Por Carlos Eden Meira
Era uma fria tarde de junho, durante as
férias de “São João”, (era como nos referíamos às férias escolares do período
de junho e julho). Estávamos todos reunidos no grande passeio da casa de minha
avó, programando coisas para fazer durante as férias. E as opções eram muitas:
construir um “clube” de varas, coberto de folhagens nas “paredes” e no “teto”,
local onde projetávamos cenas de filmes, utilizando um projetor que fazíamos
com um pequeno caixote, uma velha lâmpada transparente cheia de água servindo
de lente de aumento; se a função fosse à noite, iluminávamos a projeção com uma
lanterna de pilhas. E, se fosse durante o dia, captávamos e direcionávamos a
luz solar com um pedaço de espelho. A imagem vinha de cortes de
películas, descartados pelos operadores de projeção, durante a remontagem de
filmes estragados que achávamos atrás dos cinemas, ou pedíamos aos próprios
operadores. Este fragmento de fita era adaptado numa abertura
retangular na frente da “lente”, e projetado num retângulo de papelão branco
que servia como tela. As cenas de filmes proibidos para menores eram as nossas
preferidas. Outras opções eram tomar banho no rio, brincar de caubói no
“ladeirão” dos fundos da Lélis Piedade, jogar bola no areão do rio e muitas
outras coisas.
Estávamos nessas conversas, quando José
da Anunciação Siqueira, o Zeca, um garoto nosso vizinho metido a gato mestre,
mais velho do que nós, cuja mãe alugava quartos da casa para no máximo dois
estudantes - era uma espécie de pensionato - se aproximou com uma expressão
triste e voz de choro, anunciando: - O Osmundo morreu vocês sabiam? – Osmundo
Jorge era um dos hóspedes do pensionato, e que fazia parte da nossa turma. Era
um garoto louro, de olhos verdes e feições femininas, que virava uma fera
quando alguém da turma o chamava de menina. Desafiava logo o cara pra porrada,
e era bom de briga. Zeca, com uma voz trêmula e emocionante, detalhou os
motivos que resultaram na morte do Osmundo, explicando que uma intoxicação
alimentar fulminante fora a principal causa. Nós percebemos que na verdade, o
Osmundo andava sumido havia alguns dias, e ficamos todos consternados,
chocados, com o fato. Ficamos um bom tempo em silêncio, sem saber o que dizer.

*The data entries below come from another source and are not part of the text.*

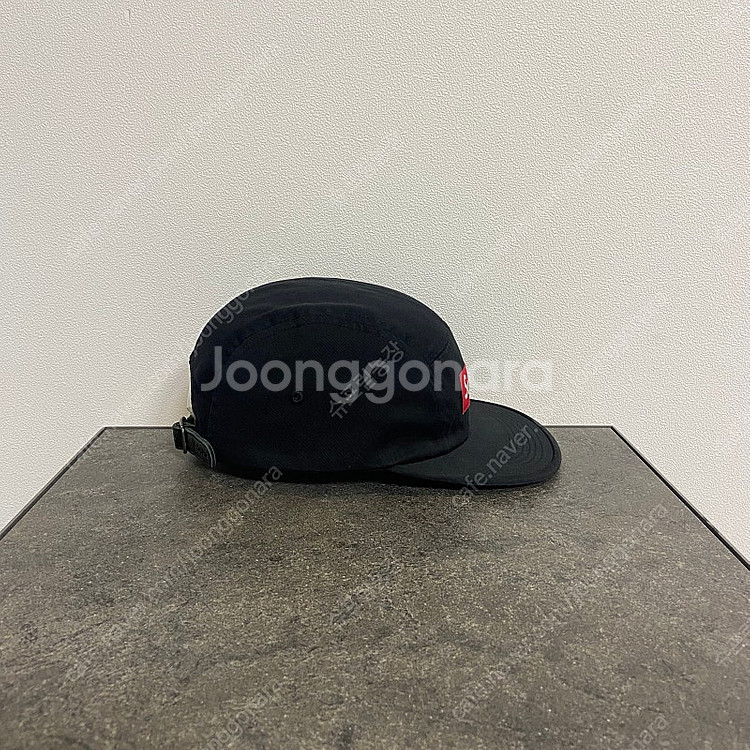 슈프림 워시드 블랙 레드 박스로고 캠프캡 모자--1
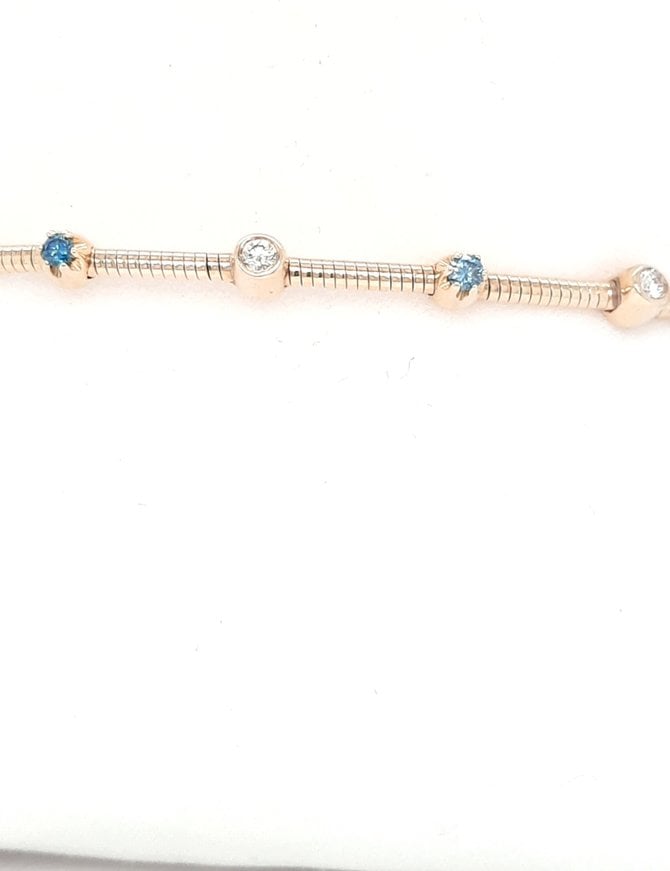 Blue And White Diamond Bracelet (0.17 ctw)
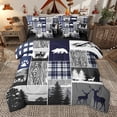thumbnail image 1 of Homewish Wild Bear Deer 7pcs Bedding Comforter Set,Rustic Annual Rings Queen Bedding Sets,Gray Black Queen Sheet Sets For Boys Kids,Luxury Bedroom Decor Reversible, 1 of 8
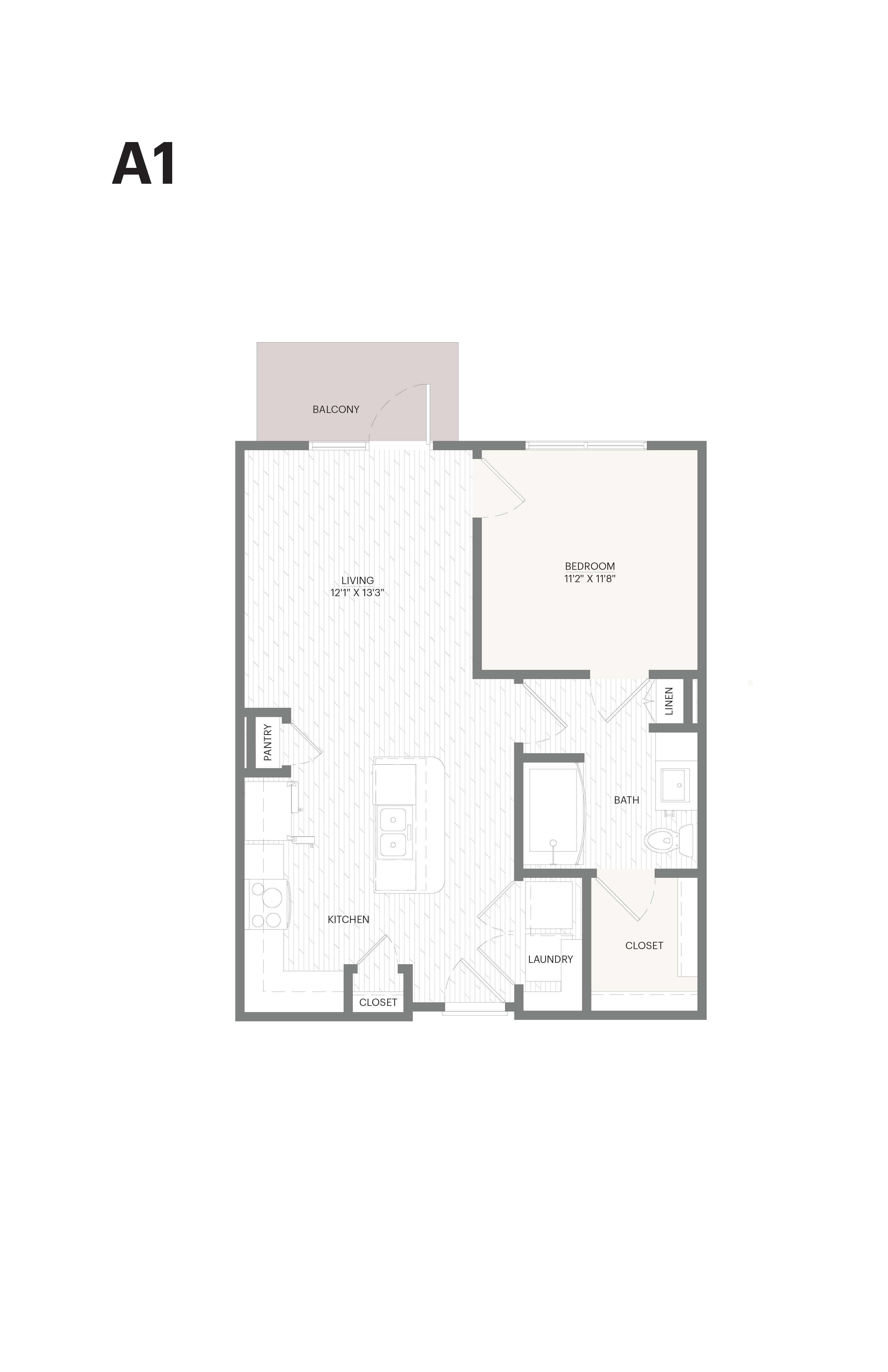 Floor plan for 1 bed, 1 bath, 667 sqft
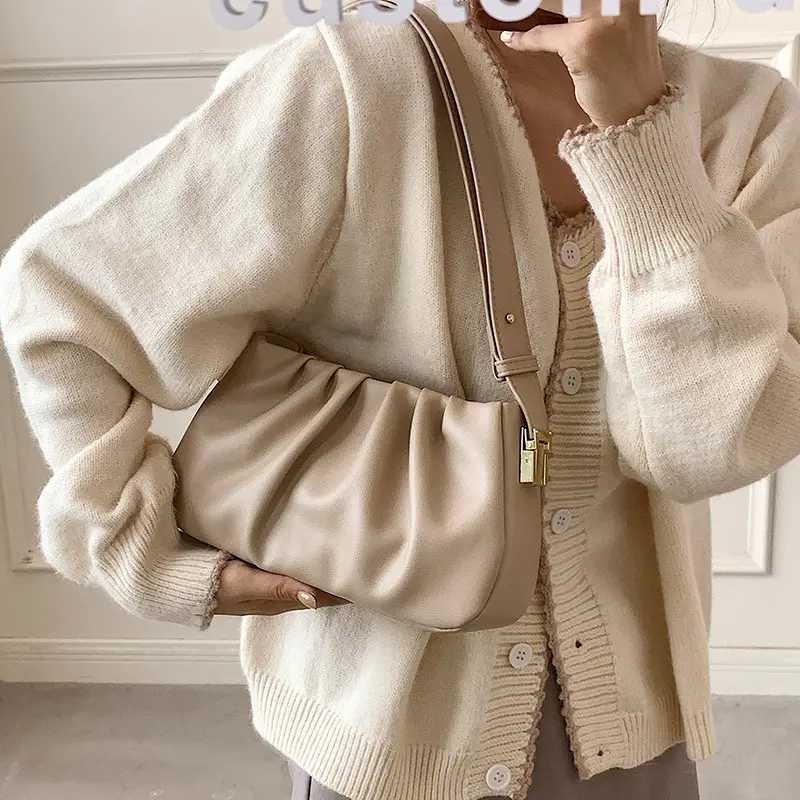 Women's Beige Shoulder Bag with Strap & Crossbody - Image 7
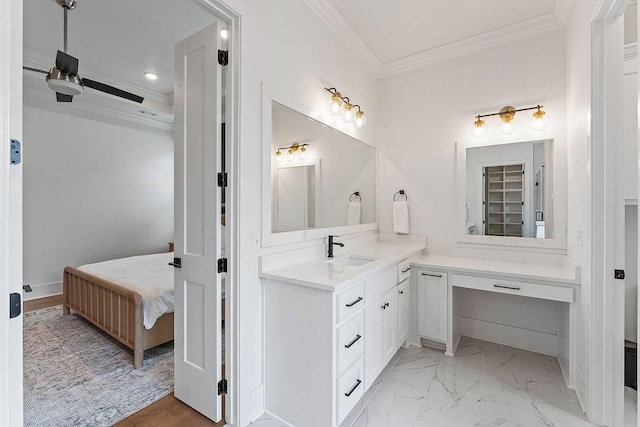 ensuite bathroom featuring crown molding, ensuite bathroom, vanity, recessed lighting, and marble finish floor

Tudo o que planejávamos para aquelas férias, parecia perdido. Com o Osmundo
morto, sendo ele um dos maiores entusiastas de nossas brincadeiras, além de ser
nosso amigo, não tínhamos ânimo para mais nada. Com um nó na garganta, quebrei
o silêncio e perguntei gaguejando ao Zeca, onde estava o corpo do Osmundo, se
estava na Casa de Saúde, no pensionato, ou se tinha sido levado para a casa da
família, em Ipiaú.
Durante essa conversa, a turma ainda impressionada com a fatal notícia viu caminhando em nossa direção, a figura inconfundível e brincalhona de quem? Dando cambalhotas como gostava de fazer, gritando “hip-hip-hurra!”. Quem, senão o Osmundo? Alguns da turma fizeram gesto de dar no pé, pois ali estava nada mais nada menos do que o “fantasma” do Osmundo, em pessoa. Somente quando o Zeca caiu na gargalhada, gozando com a nossa cara é que caímos na real. Xingamos o Zeca de todos os nomes feios possíveis, e, teve até quem quisesse quebrar a cara dele. O Osmundo sem nada entender apaziguou a briga, enquanto nós, felizes em vê-lo, começamos a abraçá-lo, o que fazia com que ele se afastasse assustado com aquela estranha manifestação de afeto. Quando explicamos ao Osmundo do que se tratava, ele quis entrar na porrada com o Zeca, que sendo maior em tamanho e mais velho do que ele, queria agredi-lo, mas a turma enfurecida, botou o moleque pra correr, e ele levou um bom tempo sem aparecer por ali.
Os nomes de pessoas publicados neste texto são fictícios. Qualquer semelhança com nomes de pessoas vivas ou mortas é mera coincidência.